> Task input:
##########

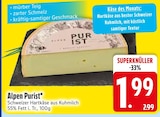 Alpen Purist von PURIST im aktuellen EDEKA Prospekt für 1,99 €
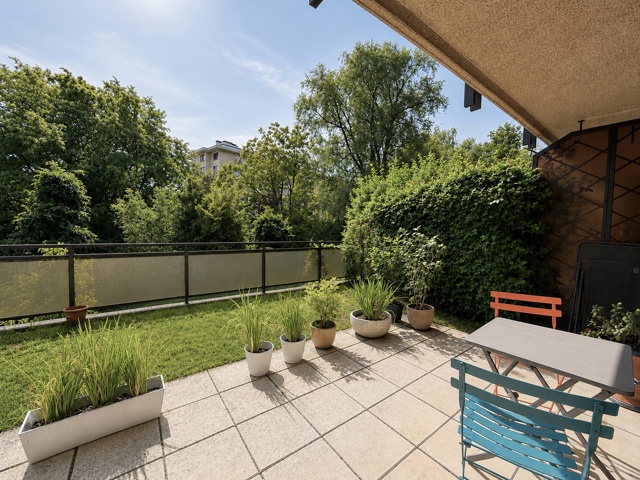 Appartement - à louer - 1160 Auderghem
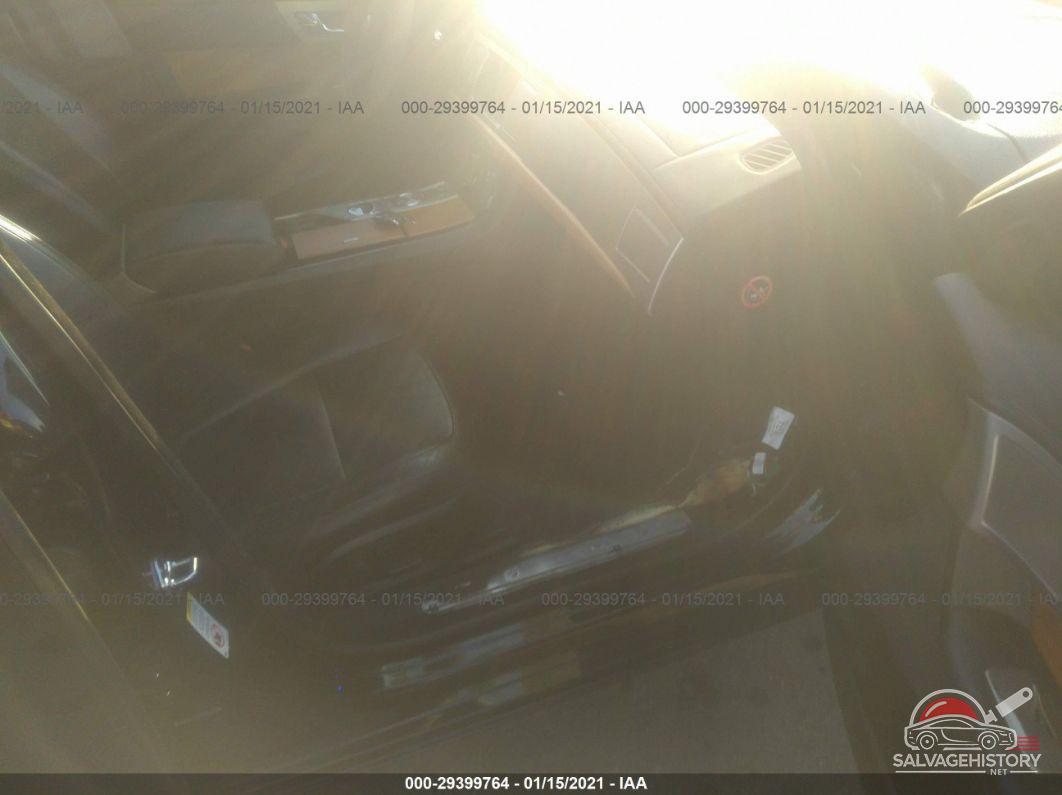 SAJWA05B79HR42497 2009 JAGUAR XF photo no. 5
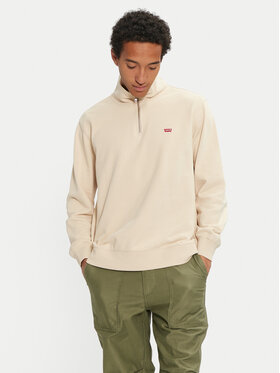 Levi's® Levi's® Džemperis ar kapuci Original A8606-0002 Bēšs Standard Fit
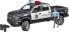 Фото #1 товара Игрушечный транспорт Bruder BRUDER RAM 2500 Police Pickup with Police 02505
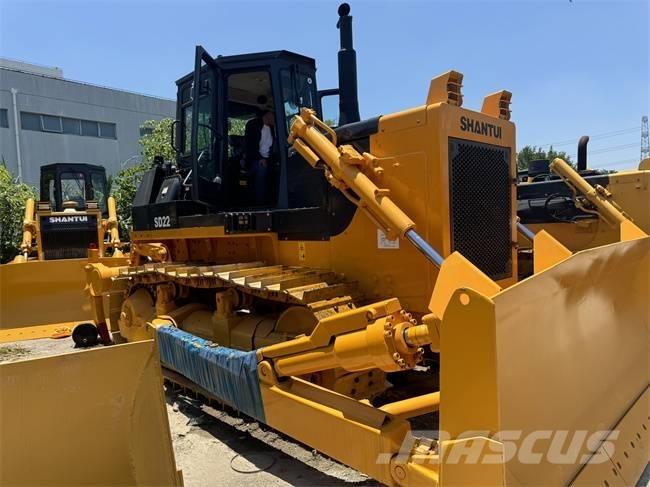 Shantui SD 22 履帶推土機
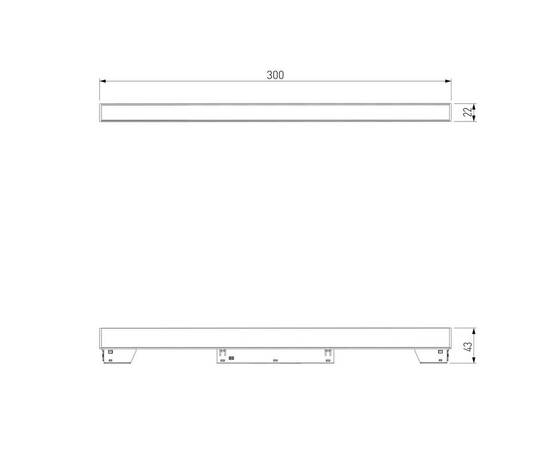Трековый светодиодный светильник Elektrostandard Slim Magnetic 85000/01 a067372, изображение 4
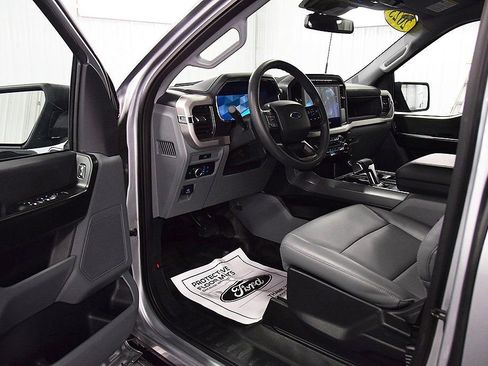 Used 2023 Ford F150 Lightning Pro image 15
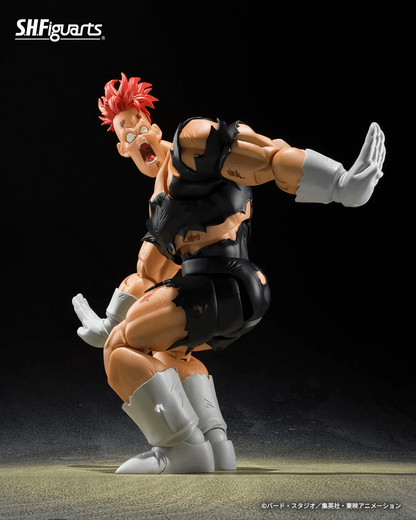 Bandai Tamashii Nations S.H.Figuarts Dragonball Recoome 〈The Hellish Recoome〉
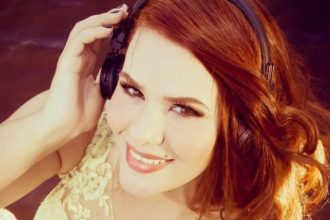 A artista ganhou repercussão nacional após uma longa internação por Covid-19 (Foto: Rede social/reprodução)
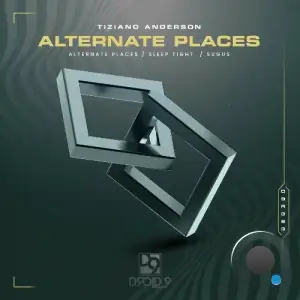 Tiziano Anderson - Alternate Places (2025)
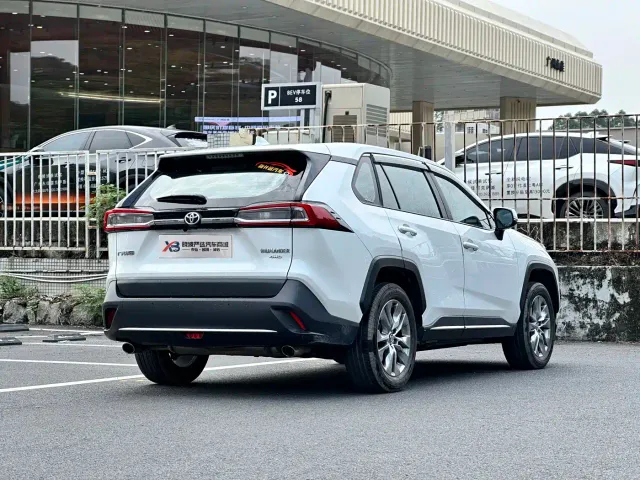 Toyota Wildlander — Фото автомобиля 4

##########

> Your instructions: Omitting all pictures, restate exactly the lines of the material from its start through the line that contains "Levi's® Levi's® Džemperis".

> Written answer:
 Alpen Purist von PURIST im aktuellen EDEKA Prospekt für 1,99 €
 Appartement - à louer - 1160 Auderghem
 SAJWA05B79HR42497 2009 JAGUAR XF photo no. 5
 Levi's® Levi's® Džemperis ar kapuci Original A8606-0002 Bēšs Standard Fit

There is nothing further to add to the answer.